Auffallend sind jedoch folgende Punkte:
Die Gruppendiskussion und Einzelinterviews mit den ehemaligen
Schülern nehmen in der Auswertung den breitesten Raum ein. Dies mag
daran liegen, dass sie auch quantitativ in der Erhebung dominieren,
lässt jedoch auch kritische Nachfragen hinsichtlich des
Aussagewertes der intergenerationellen Perspektive zu.

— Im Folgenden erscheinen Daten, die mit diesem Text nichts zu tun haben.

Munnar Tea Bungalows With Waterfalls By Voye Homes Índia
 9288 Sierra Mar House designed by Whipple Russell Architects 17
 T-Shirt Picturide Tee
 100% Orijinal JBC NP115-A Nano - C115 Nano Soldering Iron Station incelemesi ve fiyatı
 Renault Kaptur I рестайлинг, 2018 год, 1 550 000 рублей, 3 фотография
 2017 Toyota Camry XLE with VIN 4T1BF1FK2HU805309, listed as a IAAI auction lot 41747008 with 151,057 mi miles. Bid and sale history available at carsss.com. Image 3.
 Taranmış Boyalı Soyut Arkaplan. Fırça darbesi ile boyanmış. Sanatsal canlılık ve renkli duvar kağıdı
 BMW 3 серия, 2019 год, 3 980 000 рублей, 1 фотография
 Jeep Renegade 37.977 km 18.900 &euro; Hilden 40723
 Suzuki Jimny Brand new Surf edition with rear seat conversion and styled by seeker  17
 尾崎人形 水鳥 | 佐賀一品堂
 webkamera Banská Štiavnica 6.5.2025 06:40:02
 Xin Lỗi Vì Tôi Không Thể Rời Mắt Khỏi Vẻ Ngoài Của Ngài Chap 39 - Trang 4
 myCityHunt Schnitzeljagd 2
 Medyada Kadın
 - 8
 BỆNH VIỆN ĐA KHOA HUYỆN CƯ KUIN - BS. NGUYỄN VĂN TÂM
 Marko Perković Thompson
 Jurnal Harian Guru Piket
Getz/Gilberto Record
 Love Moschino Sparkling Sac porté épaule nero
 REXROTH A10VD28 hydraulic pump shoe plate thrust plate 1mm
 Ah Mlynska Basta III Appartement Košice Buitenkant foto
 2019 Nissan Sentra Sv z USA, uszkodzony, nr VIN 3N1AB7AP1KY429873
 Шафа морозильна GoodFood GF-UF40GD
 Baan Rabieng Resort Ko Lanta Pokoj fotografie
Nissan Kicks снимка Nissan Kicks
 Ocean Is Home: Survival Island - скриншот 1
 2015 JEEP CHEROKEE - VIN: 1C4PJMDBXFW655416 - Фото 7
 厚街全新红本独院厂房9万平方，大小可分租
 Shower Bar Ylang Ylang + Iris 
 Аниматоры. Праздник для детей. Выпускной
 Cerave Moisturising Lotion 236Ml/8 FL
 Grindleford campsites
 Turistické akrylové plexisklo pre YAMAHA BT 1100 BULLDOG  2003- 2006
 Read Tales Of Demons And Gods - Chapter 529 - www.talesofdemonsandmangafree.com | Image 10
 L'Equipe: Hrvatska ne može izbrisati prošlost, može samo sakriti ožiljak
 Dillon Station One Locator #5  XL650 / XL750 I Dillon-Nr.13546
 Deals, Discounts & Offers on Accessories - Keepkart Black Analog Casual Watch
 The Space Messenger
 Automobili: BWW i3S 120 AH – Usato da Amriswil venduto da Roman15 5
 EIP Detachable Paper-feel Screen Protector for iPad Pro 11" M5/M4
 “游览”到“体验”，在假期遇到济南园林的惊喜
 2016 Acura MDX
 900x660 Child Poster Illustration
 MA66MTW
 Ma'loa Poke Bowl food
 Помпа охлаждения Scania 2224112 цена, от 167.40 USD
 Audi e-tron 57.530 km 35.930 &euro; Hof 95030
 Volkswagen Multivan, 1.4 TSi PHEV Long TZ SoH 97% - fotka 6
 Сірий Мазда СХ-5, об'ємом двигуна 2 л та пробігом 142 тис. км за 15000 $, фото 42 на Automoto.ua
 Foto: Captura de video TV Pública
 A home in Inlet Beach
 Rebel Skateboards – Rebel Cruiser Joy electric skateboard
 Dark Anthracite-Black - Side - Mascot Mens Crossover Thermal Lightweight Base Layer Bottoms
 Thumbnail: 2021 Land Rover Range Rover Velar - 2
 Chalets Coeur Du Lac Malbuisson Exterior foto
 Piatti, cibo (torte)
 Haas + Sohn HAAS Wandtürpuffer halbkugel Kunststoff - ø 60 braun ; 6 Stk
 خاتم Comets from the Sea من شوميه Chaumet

Katharina Rothe reflektiert zwar ihre eigenen Affekte und bezieht
diese in die Auswertung ein - dabei wird aber deutlich, dass sie in
der Regel konfrontativ vorgeht, d.h. an der Evozierung der Schuld-,
Scham- und Abwehrgefühle elementar beteiligt ist. Diese eigene
Position fällt bereits im ersten Satz des Buchtextes auf, in dem
die Autorin vom »Zivilisationsbruch Auschwitz« schreibt. Es ist
insofern denkbar, dass die Äußerungen der Interviewten anders
ausgefallen wären, wenn von Seiten der Interviewenden andere
Positionen eingenommen worden wären.
Die Möglichkeiten der Brechung des scheinbar dominanten
Abwehrdiskurses erscheinen eher gering. Auch wenn das
Interviewmaterial dies nahe legt, stellt sich doch die Frage, wie
angesichts dieser scheinbar kaum aufgearbeiteten Geschichte eine
zunehmende Anerkennung und Aufnahme in den gesellschaftlichen
Diskurs möglich ist.
Eine Kontextualisierung durch Heranziehen von Ergebnissen anderer
Disziplinen findet weitgehend nicht statt. Noch erstaunlicher ist,
dass wichtige Ergebnisse aus der eigenen Disziplin nicht auftauchen
- verdrängt wurden? So fehlen u.a. die Arbeiten von Dan Bar-On und
Gudrun Brockhaus in der Erarbeitung des Forschungsstandes und den
Auswertungen. Gleichzeitig findet eine enge Anlehnung an
»traditionelle« psychoanalytische Ansätze statt, so dass sich
bisweilen der Eindruck einstellt, hier gehe es darum, diese
nachträglich empirisch zu belegen.
Fazit
Das Buch ist in methodischer Hinsicht interessant, da die Autorin
ihre Herangehensweisen klar und nachvollziehbar beschreibt und auch
Grenzen des Vorgehens benennt. Interessant sind auch die
Interviewpassagen, deren psychoanalytisch geleitete Interpretation
und die systematische Verknüpfung mit den eigenen Affekten der
Interviewerin. Insofern gelingt Katharina Rothe eine interessante
Verknüpfung von Methodik und Gegenstand. Zwar werden keine »neuen«
Erkenntnisse über den Umgang mit dem Nationalsozialismus erlangt,
aber dessen Manifestation im Bewussten und vor allem Unbewussten
herausgearbeitet. Dabei wird jedoch der intergenerationellen
Perspektive vergleichsweise nur wenig Raum geschenkt. Problematisch
erscheinen mir zudem fehlende Kontexualisierung mit Ergebnissen
anderer Disziplinen bzw. auch Ergebnissen anderer
psychologisch-analytischer Untersuchungen.